Zum ersten Mal überhaupt ist die Rendite für zehnjährige deutsche Staatsanleihen am Dienstag unter Null gefallen. Der negative Zins bedeutet, das Käufer nach Ablauf der zehn Jahre weniger Geld zurückbekommen, als sie in das Papier investiert haben - was eigentlich der Logik einer finanziellen Investition widerspricht. Bundesfinanzminister Wolfgang Schäuble (CDU) kann sich freuen, für den das Schuldenmachen billiger wird.
Hintergrund der enormen Nachfrage nach deutschen Staatsanleihen ist unter anderem die Angst der Anleger vor den Folgen eines möglichen EU-Austritts Großbritanniens. Wertpapierhändler verwiesen am Dienstag außerdem auf allgemeine Sorgen um die Weltkonjunktur und die extrem niedrige Inflation im Euroraum.

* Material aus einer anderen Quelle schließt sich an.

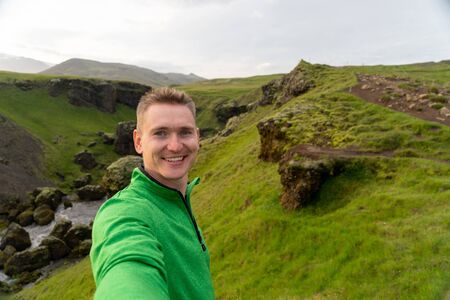 Young smiling man with river and green mountains on background takes a Selfie. Concept of freedom movement and freedomの写真素材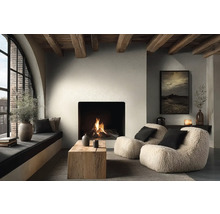 Útulný obývací pokoj s hořícím krbem, dvěma křesly z beránka, konferenčním stolkem z masivního dřeva a dřevěnými stropními trámy.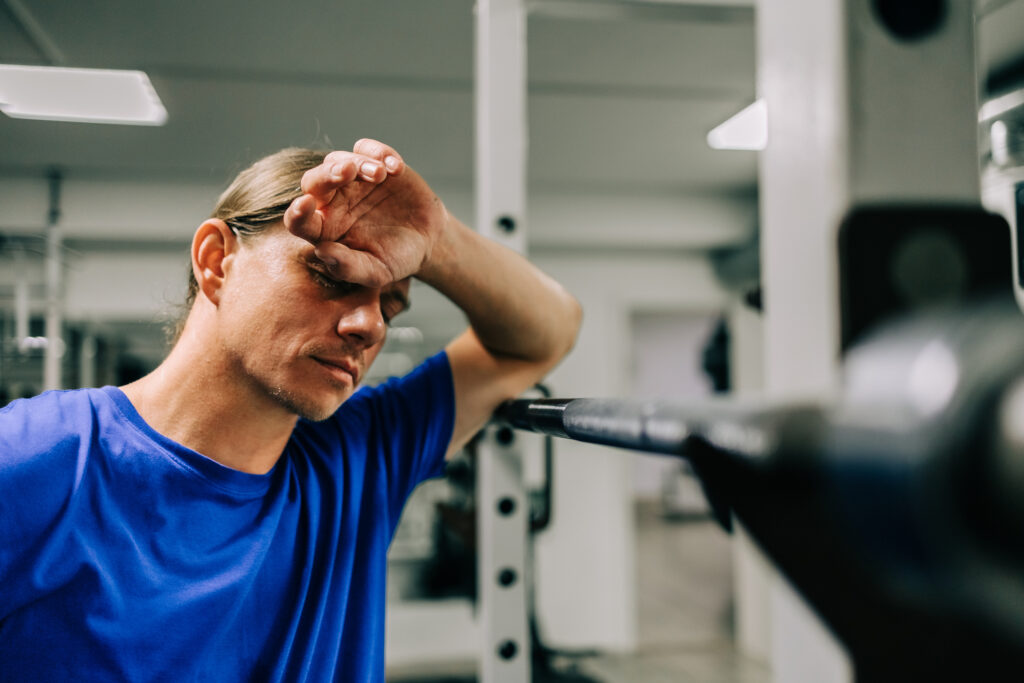 personal trainer burnout as exhausted fitness professional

Staatsanleihen bringen bereits seit Längerem kaum noch Zinsen, da Notenbanken wie die Europäische Zentralbank (EZB) diese Papiere im großen Stil aufkaufen. Auch für schweizerische und japanische Anleihen sind die Renditen bereits ins Negative gefallen.
Die Entwicklung bei den Bundesanleihen hat aber besonderes Gewicht, da Deutschland die größte europäische Volkswirtschaft ist. Außerdem gelten die zehnjährigen Bundesanleihen als Referenztitel für andere Staatsanleihen in Europa und auch für Unternehmensanleihen.
Die bevorstehende Entscheidung über die weitere EU-Mitgliedschaft Großbritanniens bewegt Anleger derzeit besonders. Die Briten stimmen am Donnerstag kommender Woche in einem Referendum darüber ab, ob ihr Land in der EU bleiben soll oder nicht. Am Montag gaben die Kurse an den Börsen weltweit nach, der Deutsche Aktienindex (Dax) startete auch am Dienstag mit einem Minus in den Handelstag.